Despite government directives prioritizing citizens over the age of 58 [9], Kenyan media reported [2] that businessmen and politicians not in this age group have found a way to get the jab early, exposing the country's rich-poor divide.

Meanwhile, eligible senior citizens and poor Kenyans, who aren't well connected and don't have money to pay a bribe, often wait in line all day starting at 5 a.m., only to be asked to return the following day [4] because the doses are finished, according to The Washington Post.

“They have another door for their friends,” Mary Njoroge, 58, one of the teachers, told The Washington Post. “Without a godfather to help you through this process, what are you supposed to do?”

A similar incident in another government hospital was reported by @_Sativa, a Twitter user based in Nairobi, Kenyan. In a Twitter thread, he recounted the experience of his aunt [10], a retired teacher in her 60s. While elderly people waited in line, a nurse called out names and young people came to the front to get vaccinated. When his aunt asked what was happening, the nurse gave her a number where she could send money, he said in his Twitter thread.

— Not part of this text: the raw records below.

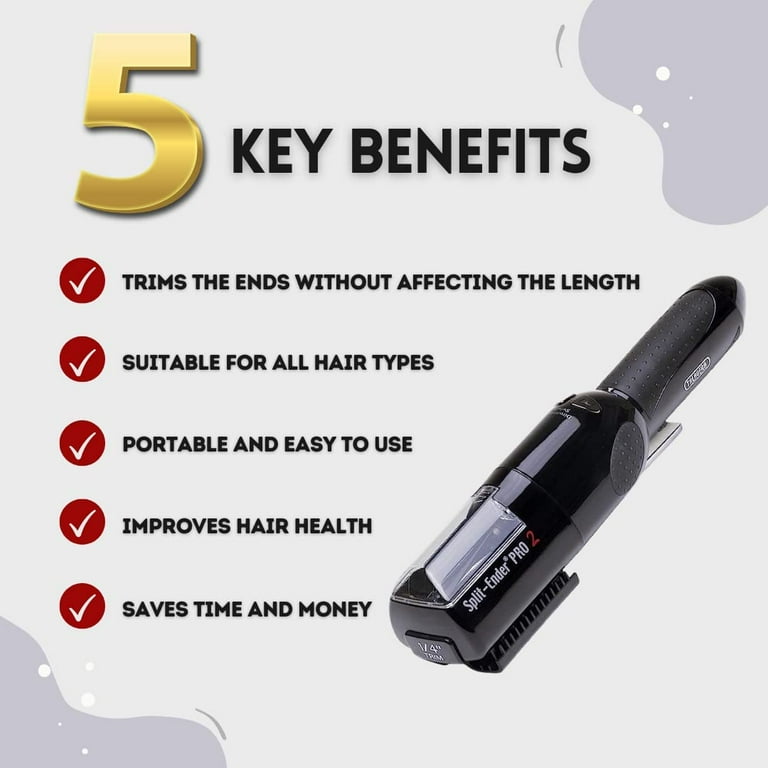 Split Ender Pro 2 - Cordless Split End Hair Trimmer, Rechargeable Tool for the Fast & Easy Removal of Split Damaged Hair Ends - Black Split Ender Pro 2 - Cordless Split End Hair Trimmer, Rechargeable Tool for the Fast & Easy Removal of Split Damaged Hair Ends - Black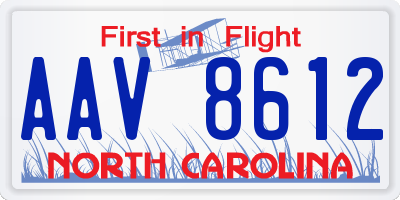 NC license plate AAV8612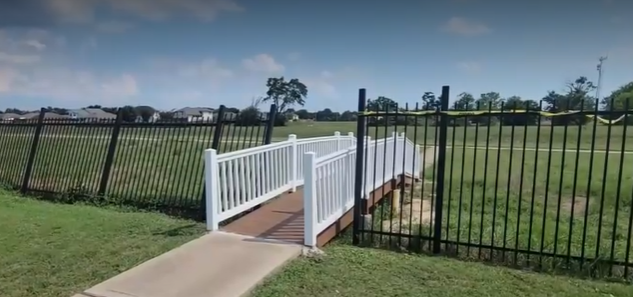 The baby was found on this small bridge on a walking trail in Katy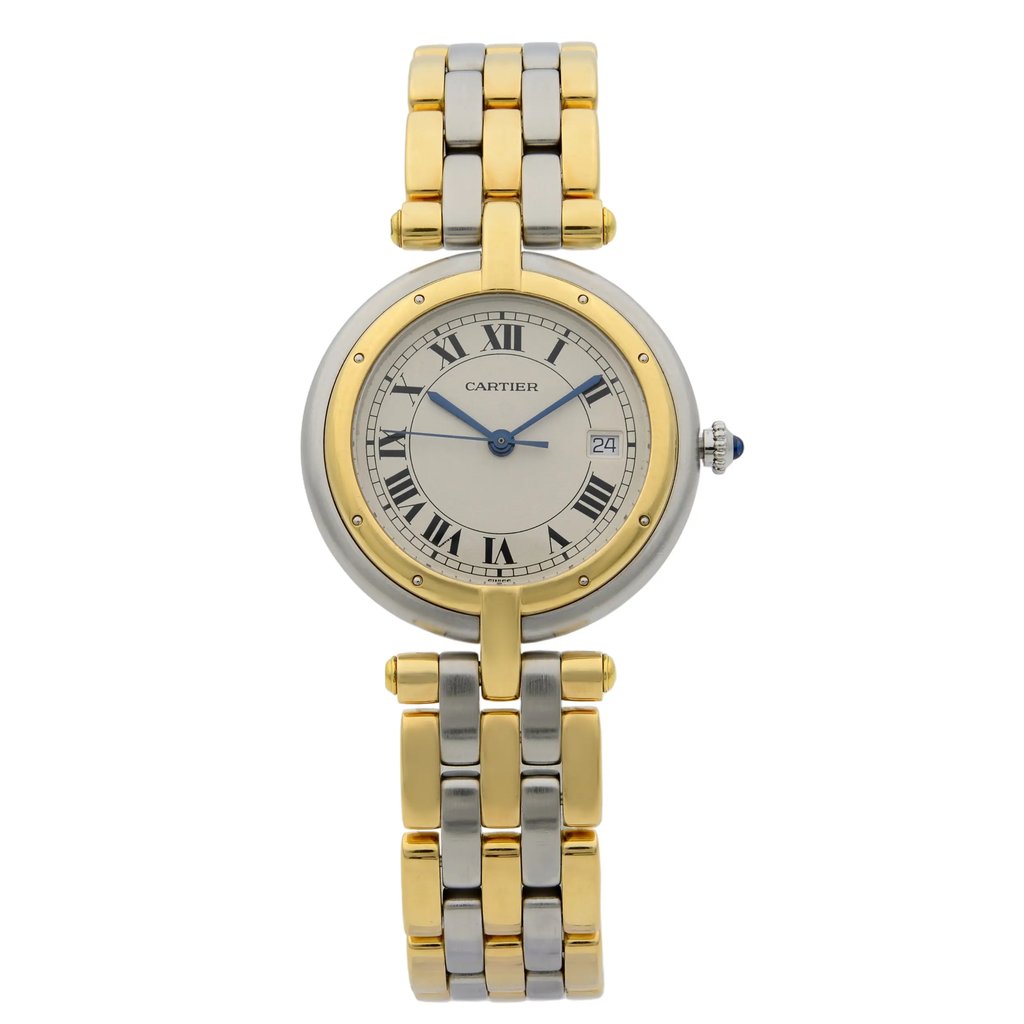 Front Full View Of Cartier 183964 Stainless & Solid Gold Watch Pre Owned Condition {Product Condition}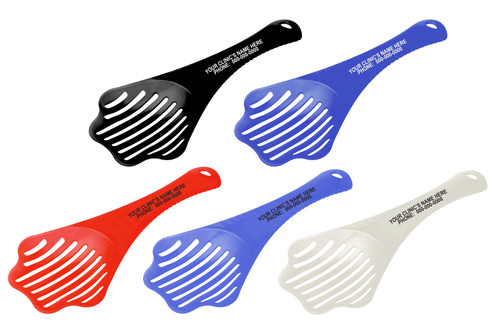 Promotional cat litter scoops with handle imprint in black, blue, red, translucent blue, and translucent frost colors.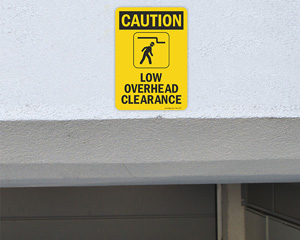 Caution Low Overhead Clearance Sign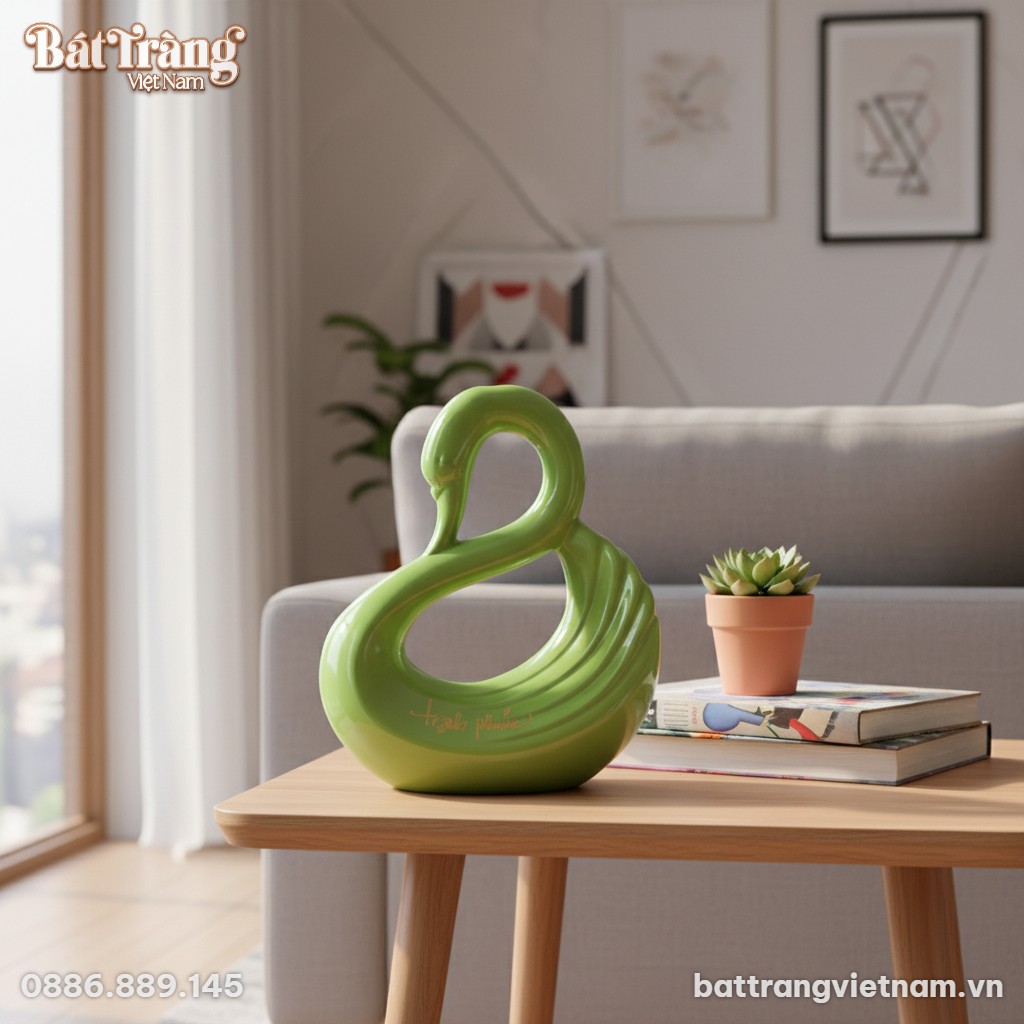 Một tượng thiên nga gốm sứ xanh lá cao 30cm đặt...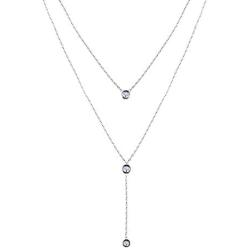 VENSERI 925 Sterling Silver Double Layered Necklace with Three Round Cubic Zirconia Fashion Jewelry for Women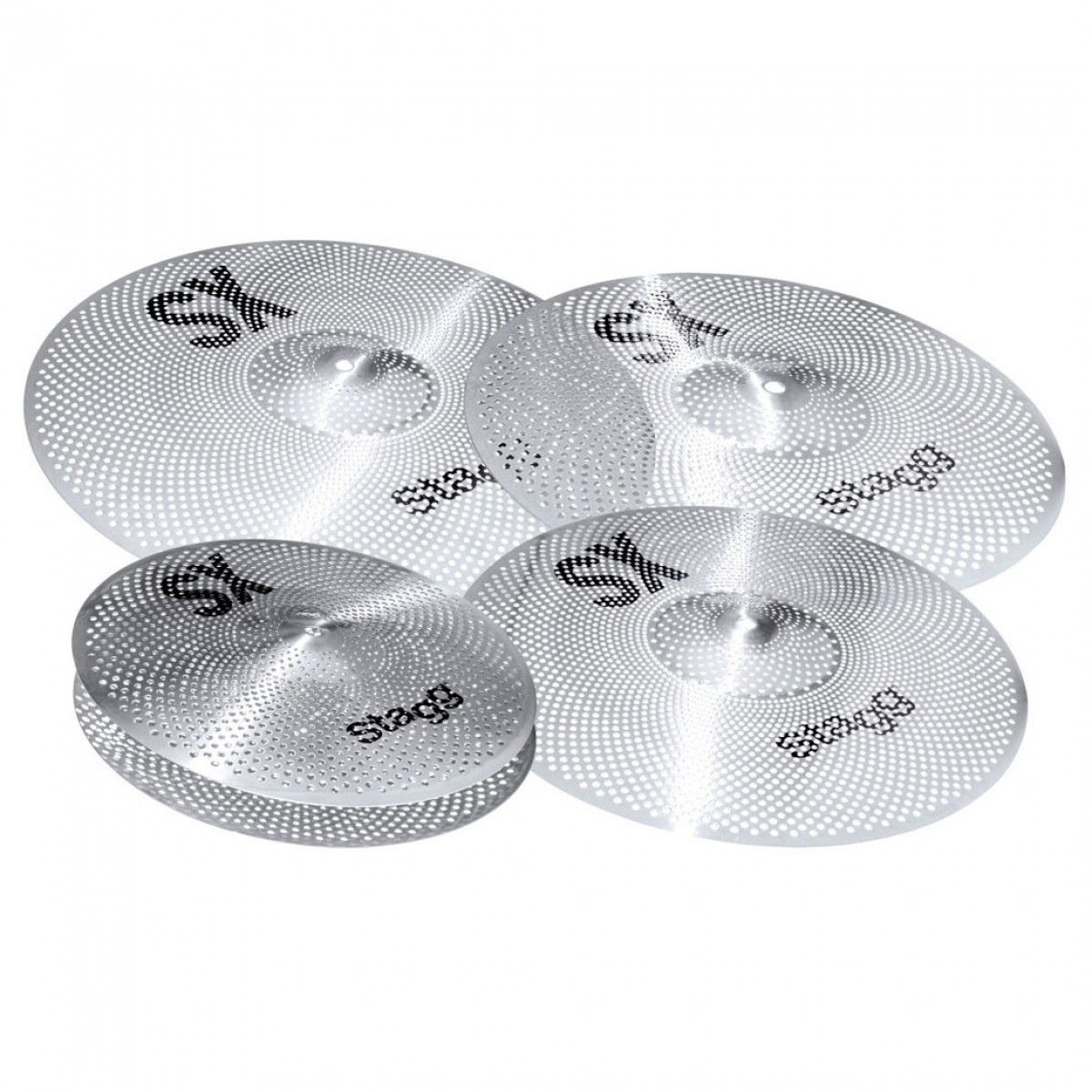 An image of Stagg Silent Practice Cymbal set w/bag | PMT Online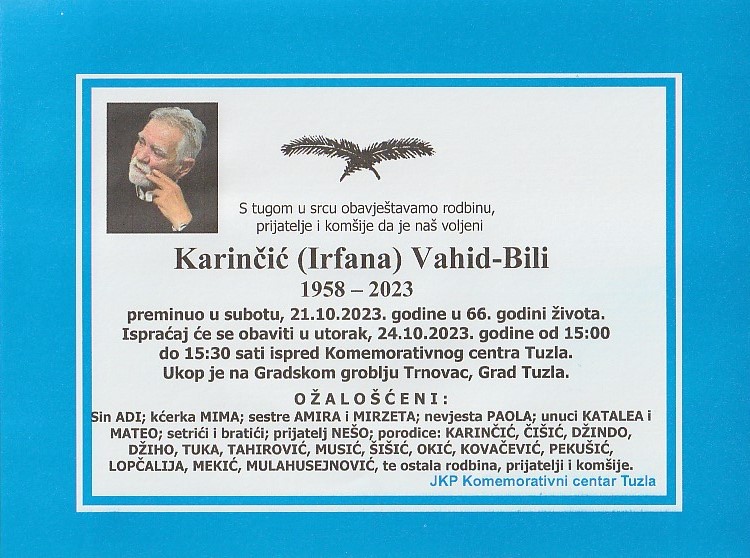 In memoriam, Vahid Karincic, posmrtnice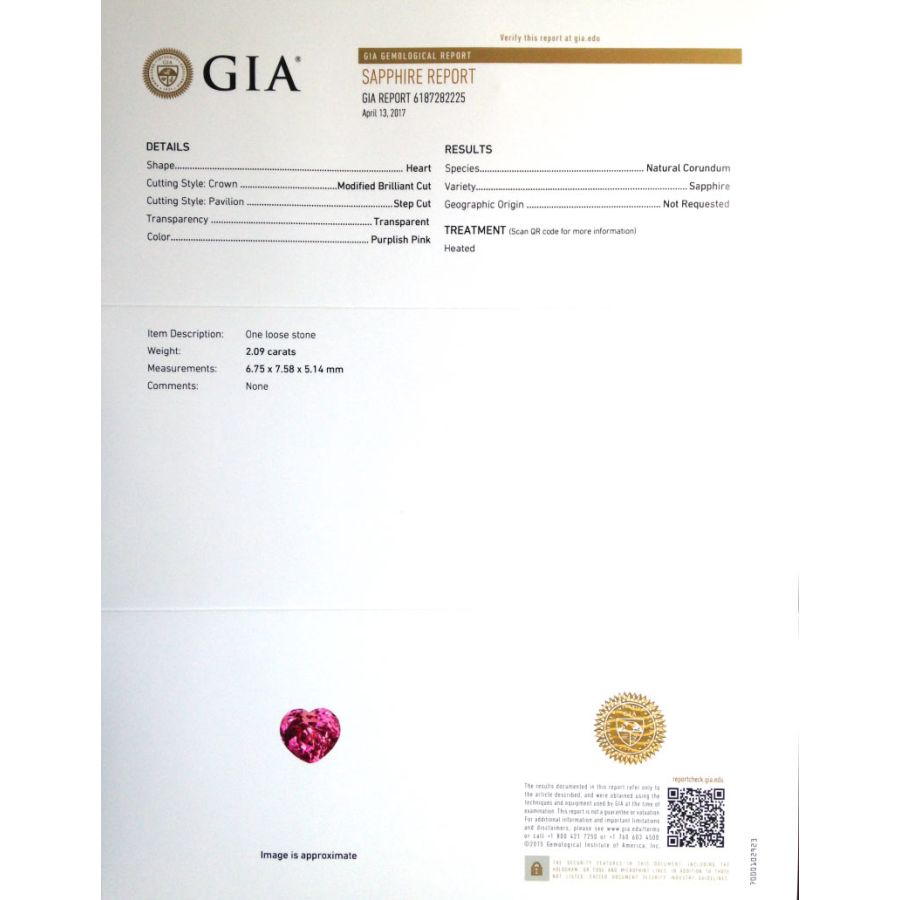 Natural Heated Pink Sapphire 2.09 carats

Following reports of increased enthusiasm from the public for the vaccination campaign, Kenya’s Cabinet Secretary for Health, Mutahi Kagwe told the media [2]:

I think somewhere along the line we seem to have developed some confusion that anybody can walk into a vaccination centre and get vaccines. I want to make it very clear, those carrying out vaccination will have to account for every dose that they have used and that dose that they have used must be matched against an eligible person.

The National Nurses Association of Kenya president Alfred Obengo pleaded with Kenyans [2] who are not on the priority list to avoid queuing for the vaccine.

In providing clarity on how the Kenyan government could have avoided this confusion in its rollout plan, Gathara concludes his article by saying:

Much of this could have been avoided if the Kenyan government and its global partners, including the World Health Organization and Western governments, treated Kenyans as partners in the rollout rather than colonial subjects to be brutalised and exploited. Sadly for Kenyans, their colonial state does not know how to act any differently.